Figure 25. Buck system (in continuous mode)

“Buck” means voltage step down. The buck converter is a step-down converter that performs rectifying by means of a diode; it is a representative system used in non-isolated step-down switching DC/DC converters. In the world of DC/DC converters, the buck converter is often referred to as a diode-rectifying or asynchronous converter. Compared with the forward system discussed previously, because no transformer is used in a buck converter, the primary and secondary sides are not isolated from each other. In applications where isolated is not needed, this system, which does not use a transformer, provides a simple solution. In the buck system, not requiring voltage regulation by a transformer, the output voltage is determined solely by controls performed by a MOSFET. For this reason, feedback from the output is always required (omitted in the figure).

Figure 26

Figure 26

A characteristic of the buck system is first of all a simple configuration. For creating small-power power supplies, the buck system is more advantageous than the flyback system in cost, which accounts for the increased use of buck systems in power supplies for home appliance microcomputer devices. Because power is transmitted not through a transformer, however, the buck system produces more current flowing into a switching element than the flyback system for the same output power. Consequently, the buck system is used mainly in low-power applications rather than in large-output power situations.

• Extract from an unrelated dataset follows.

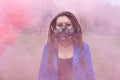 Portrait of a Woman in a blue jacket and dreadlocks in a gas mask with spikes. woman standing in smoke Royalty Free Stock Photo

Figure 27. Buck system. Waveforms for the various components

Figure 27. Buck system. Waveforms for the various components

The buck system operates virtually in the same way as the forward system. The system features a circuit in which the transformer is removed from the forward system and the D1 is replaced by a MOSFET. When the MOSFET turns on, a current flows to the load through an inductor, and energy is accumulated in the inductor as well. During this operation, the diode remains off. When the MOSFET turns off, the energy stored in the inductor is supplied to the load through diode D2. The MOSFET turns on and off, as in the case of diode D1 in a forward converter.

Figure 28

Figure 28

When used in the switching system for AC/DC conversions, the buck system is limited to applications requiring a non-isolated power supply. Relative to the transformer system, the buck system offers the easiest-to-use switching DC/DC converter. Although more costly than the linear regulator due to an increased number of parts required, the buck system permits enhanced efficiency while keeping the advantages of the transformer method intact. In terms of efficiency with respect to the AC input, however, the buck system compares less favorably than the switching system-based AC/DC conversion configuration.

Key Points:

・Except for the lack of a transformer, the buck system parallels the forward type and it represents the basic form of a non-isolated DC/DC converter.